4. It’s Home to Resilient Animals
Not only is Badlands National Park a beautiful location, but it is also home to several endangered species like the American bison, black-footed ferret, and pronghorn. All animals that live in Badlands National Park have to be resilient to endure the bitter cold winters and boiling-hot summers. Badlands National Park is also a part of the Bison Conservation Initiative to help protect the American bison population.
3. It Was Originally Called the Mako Sica
The indigenous Lakota tribe originally called the Badlands “Mako Sica,” which directly translates to “land bad.” It got this name due to the lack of water and exposed rugged terrain. The Badlands are made of soft, sedimentary rock that has been eroded over time due to the arid climate. The area is very susceptible to high winds, which often expose fossils. When French-Canadian fur trappers came to the area, they called the land “les mauvais terres pour traverse” or “bad lands to travel through.”
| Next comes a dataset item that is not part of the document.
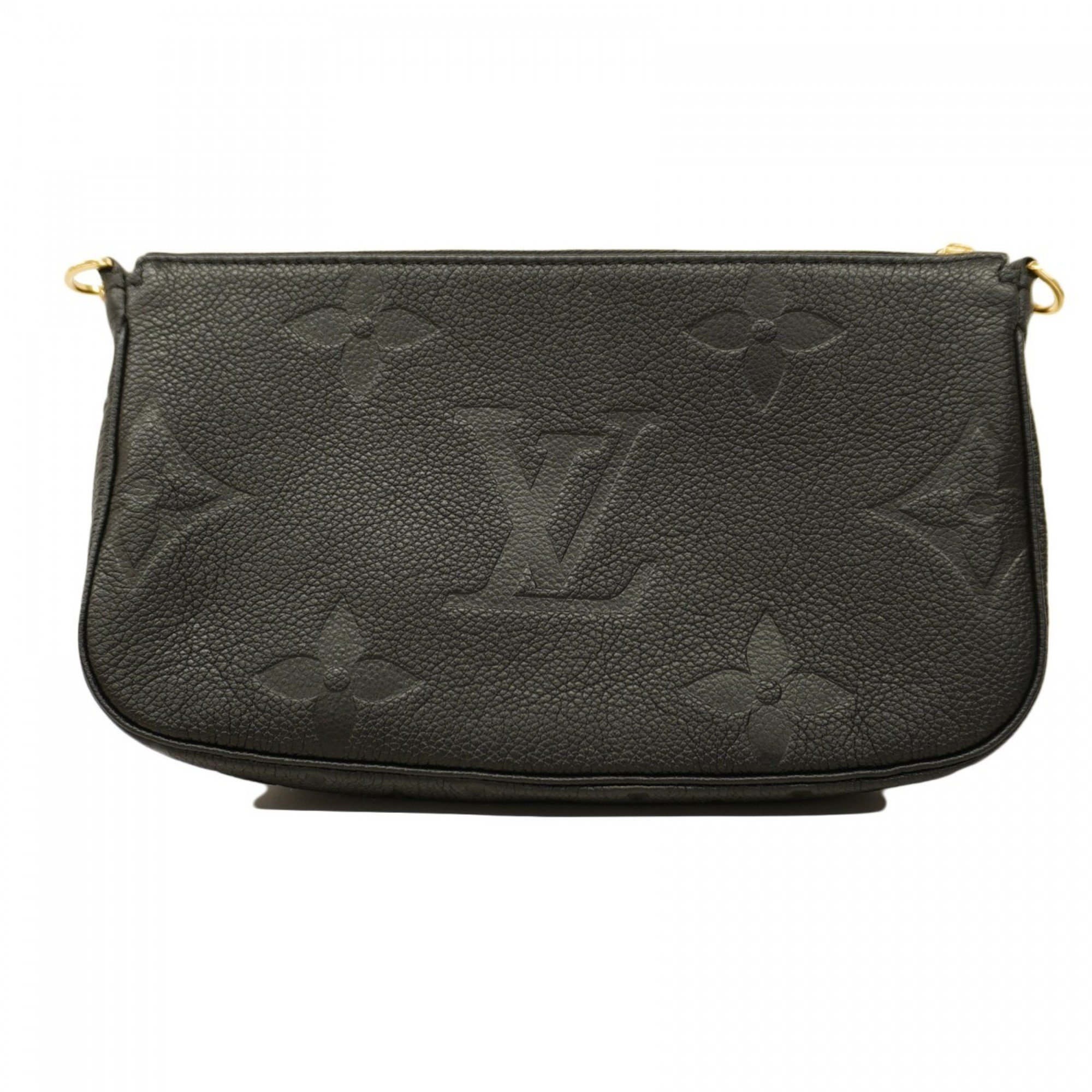 Louis Vuitton Shoulder Bag Monogram Empreinte Multi Pochette Accessoires M80399 Noir Ladies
2. It Used to be a Beachfront Property
Badlands National Park’s landscape began to take its current shape over 69 million years ago. Back then, much of the area was covered by ocean water. When the water receded, the ocean left sedimentary deposits that became rock. Erosion and weathering worked their magic over the next half-million years to create the stunning buttes and pinnacles you see today. These rocks hold the history of not only how this landscape was formed, but also the animals that lived here millions of years ago.
1. It Has a Tumultuous History
Like most of the land in the United States, Badlands National Park has a complicated and sometimes disturbing history. In the 1890s, the United States Army attempted to gain power and remove weapons from the Indigenous Lakota people, specifically the Miniconjou. The Indigenous peoples took part in the Ghost Dance, believing it would return the land to its original, pre-colonial state, but when the 7th Cavalry opened fire, they were left defenseless and close to 300 people died. This historic and disturbing event is known as the Wounded Knee Massacre.